== Given material
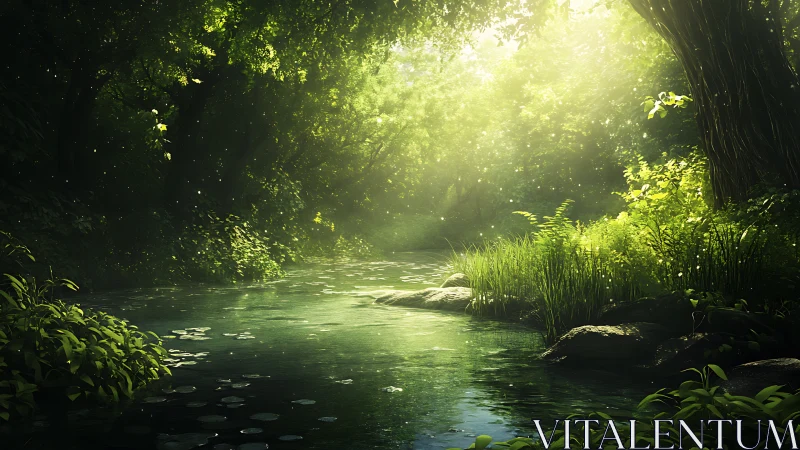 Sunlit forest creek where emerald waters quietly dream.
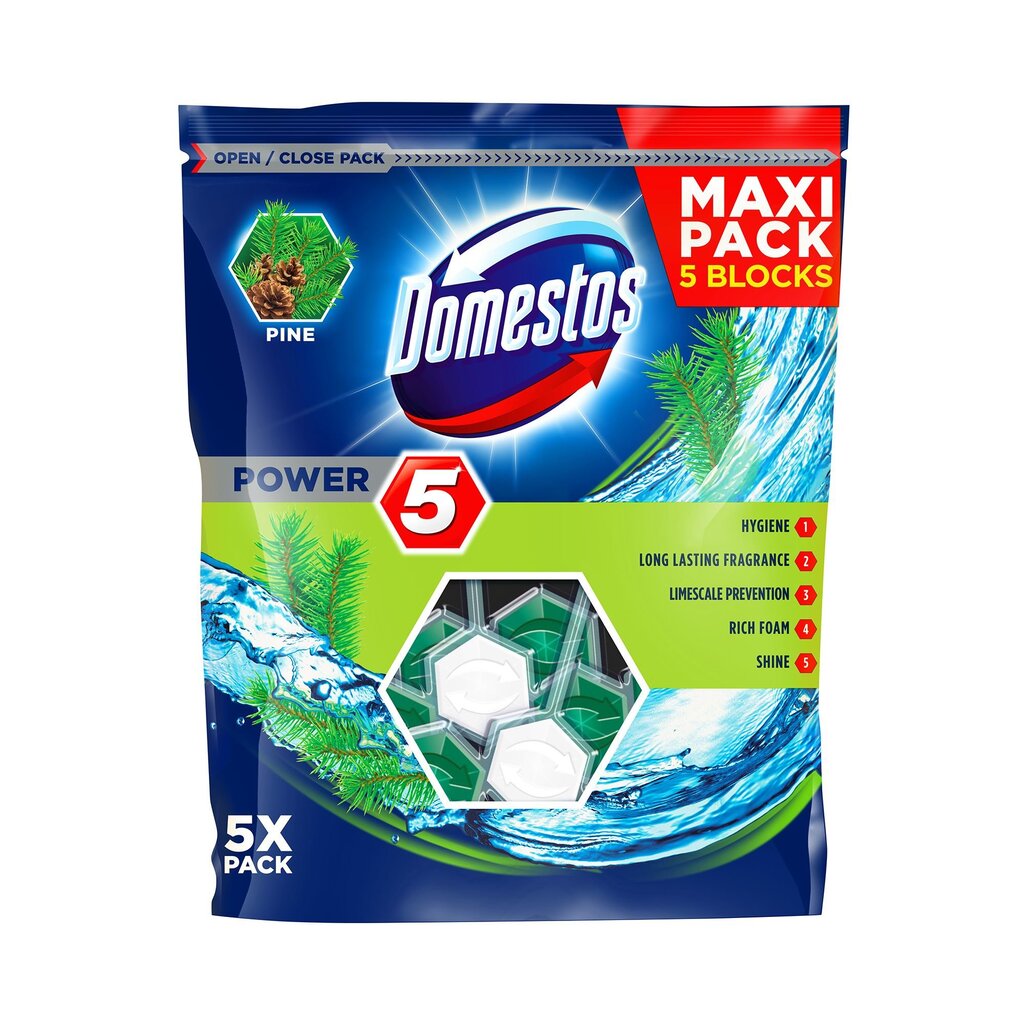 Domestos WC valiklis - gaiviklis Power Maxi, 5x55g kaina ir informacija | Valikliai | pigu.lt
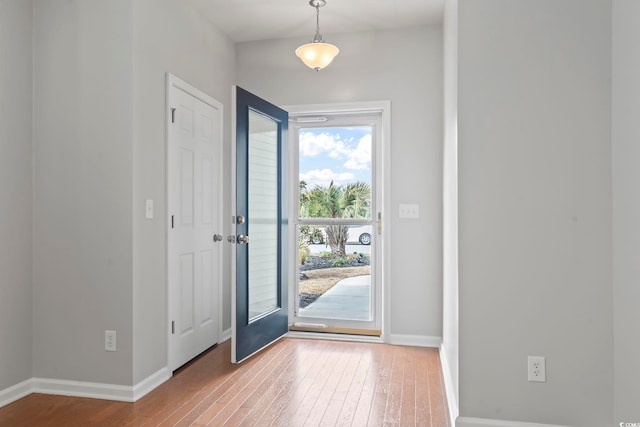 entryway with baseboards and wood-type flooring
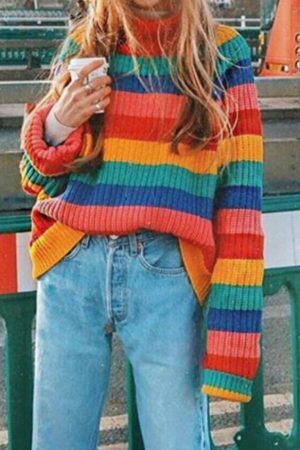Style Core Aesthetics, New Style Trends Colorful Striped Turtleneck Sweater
====
● **Work required**: Omit the pictures and write out the lines above from the one with "Domestos WC valiklis" through the last, unchanged.

● **Answer to this exercise**:
 Domestos WC valiklis - gaiviklis Power Maxi, 5x55g kaina ir informacija | Valikliai | pigu.lt
 entryway with baseboards and wood-type flooring
Style Core Aesthetics, New Style Trends Colorful Striped Turtleneck Sweater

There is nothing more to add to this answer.